Me: *reminiscing about eating a whole chocolate Orange*
Yes, yes I do
If you say safety in Numbers you haven’t read Numbers.
[interview at J Crew]
interviewer: explain this gap on your resume
me: no
interviewer:
me: they made me sign a pretty thorough non-disclosure agreement
british sex workers really pound for pound
Goth gf: this isnt working out. I think we should see other people
Golden Retriever bf: *started running in circles as soon as he heard the word Out*
[caught hiding something in the garbage]
gf: are you eating hot wings again?
me: no
gf: oh really, then touch your eyes
me: god damnit
I just want to learn enough sign language to convince a hair stylist to cut my hair in silence
I shaved my legs today and drew the hair back on. I don’t get it, eyebrow ladies, I don’t get it.
Son: How does this end?
Me: Well, some people go to heaven, but others go to hell where they are tortured forever in a horrifying apocalyptic wasteland
Son: No this movie
Me: Shrek marries Fiona
4 dentists: [coming out of the woods]
guy who saw them go in: hey weren’t there five of you
4 dentists: [in agreement] no
Don’t give people who sneeze loudly the attention they crave.
My service cat has walked me into traffic 14 times today.
My favourite part of football is when they feed the players water like they’re hamsters
I accidentally used my son’s body wash, now I hate jackets and just called my mom bruh
*rubs temples*
security guard: Hey you! Stop touching the historic buildings at this ancient religious site!!
We now return to ‘CANADIAN SNIPER’
*canadian sniper shoots an enemy*
*canadian sniper yells ‘sorry’ from far away*
[Last supper]
*breaks bread* This is my body
*pours wine* This is my blood
*plays Montell Jordan* THIS IS HOW WE DO IT
*Apostles go nuts*
The weird similarities between gold nuggets and chicken nuggets
– come from a pan
– golden color
– get stuck in my throat when I swallow them whole
ME: cheese omelette
WAITER: chicken or Cadbury Creme eggs
ME: hmmm… you know what, surprise me
Zebras? Oh, you mean horse referees
A marriage built on respect and trust can survive anything. Except losing twice as much weight on a diet than your wife, apparently.
My neighbor cut their tree down and now my house looks bald.
Obama: Who were you talking to before he came here for the meeting?
Biden: Young Metro.
Obama: Why did you call-
Biden: Shhh.

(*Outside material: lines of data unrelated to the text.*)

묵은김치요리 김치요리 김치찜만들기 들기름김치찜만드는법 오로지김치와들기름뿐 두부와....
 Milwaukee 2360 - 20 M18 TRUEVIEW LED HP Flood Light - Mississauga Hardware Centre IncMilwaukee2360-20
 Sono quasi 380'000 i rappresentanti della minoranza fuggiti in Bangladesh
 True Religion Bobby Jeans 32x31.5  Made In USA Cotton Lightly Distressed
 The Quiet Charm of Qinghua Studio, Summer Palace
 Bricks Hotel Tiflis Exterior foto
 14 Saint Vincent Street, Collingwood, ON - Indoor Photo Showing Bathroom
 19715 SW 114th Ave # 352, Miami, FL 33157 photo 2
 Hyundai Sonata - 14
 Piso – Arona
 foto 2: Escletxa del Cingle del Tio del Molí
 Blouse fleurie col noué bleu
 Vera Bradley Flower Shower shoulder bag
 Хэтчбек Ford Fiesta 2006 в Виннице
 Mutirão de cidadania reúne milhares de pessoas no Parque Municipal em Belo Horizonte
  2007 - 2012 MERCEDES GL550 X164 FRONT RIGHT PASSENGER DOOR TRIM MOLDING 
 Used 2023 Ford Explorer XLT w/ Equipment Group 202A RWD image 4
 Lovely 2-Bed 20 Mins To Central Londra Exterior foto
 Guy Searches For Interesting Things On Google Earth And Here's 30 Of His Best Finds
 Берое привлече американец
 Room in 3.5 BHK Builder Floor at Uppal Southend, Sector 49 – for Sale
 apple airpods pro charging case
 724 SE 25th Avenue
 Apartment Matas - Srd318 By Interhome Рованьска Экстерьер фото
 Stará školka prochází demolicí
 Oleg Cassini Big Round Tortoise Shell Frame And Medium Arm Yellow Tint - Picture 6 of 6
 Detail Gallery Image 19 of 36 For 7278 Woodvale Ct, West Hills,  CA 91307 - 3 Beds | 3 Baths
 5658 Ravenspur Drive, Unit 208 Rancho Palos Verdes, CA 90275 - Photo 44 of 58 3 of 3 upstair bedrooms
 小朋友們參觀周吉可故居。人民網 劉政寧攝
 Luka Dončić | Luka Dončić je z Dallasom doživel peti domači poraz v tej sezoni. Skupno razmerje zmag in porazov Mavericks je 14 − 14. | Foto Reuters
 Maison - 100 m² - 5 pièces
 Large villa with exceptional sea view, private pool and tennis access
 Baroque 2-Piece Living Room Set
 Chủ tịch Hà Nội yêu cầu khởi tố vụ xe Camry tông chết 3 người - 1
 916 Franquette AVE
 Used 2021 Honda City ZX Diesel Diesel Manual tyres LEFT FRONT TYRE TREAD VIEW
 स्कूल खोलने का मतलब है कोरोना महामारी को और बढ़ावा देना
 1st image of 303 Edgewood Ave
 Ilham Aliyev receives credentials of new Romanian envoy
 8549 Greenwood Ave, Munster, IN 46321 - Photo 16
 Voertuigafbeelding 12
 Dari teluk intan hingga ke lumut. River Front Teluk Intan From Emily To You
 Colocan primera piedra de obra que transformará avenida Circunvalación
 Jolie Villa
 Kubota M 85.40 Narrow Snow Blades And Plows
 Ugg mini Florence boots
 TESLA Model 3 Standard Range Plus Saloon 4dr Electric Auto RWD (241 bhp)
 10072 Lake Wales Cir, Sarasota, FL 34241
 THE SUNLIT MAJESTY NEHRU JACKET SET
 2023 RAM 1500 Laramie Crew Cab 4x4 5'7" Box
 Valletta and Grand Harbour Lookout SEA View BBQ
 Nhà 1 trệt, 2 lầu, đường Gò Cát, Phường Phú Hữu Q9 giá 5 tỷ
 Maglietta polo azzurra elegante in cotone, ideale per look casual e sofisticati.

I got this.
Pack fruit in your lunch so it can decorate your desk until you take it home again.
I love a relaxing bath at the end of the work day but it makes the other people in the office uncomfortable.
Wife: *glares* “Do you think you’re funny?”
Me: “Yes.”
W:
M:
W:
Me: “I mean no.”
W:
M: “How many guesses do I get?”
NASA faked the cow jumping over the moon.
Sometimes I think I’m pretty smart, and other times I duck when planes fly by.
If you are having anxiety over something you’ve said or done, just remember that 90% of the world only cares what you look like.
Hey, guy in Prius blasting heavy metal – decide which type of annoying person you want to be.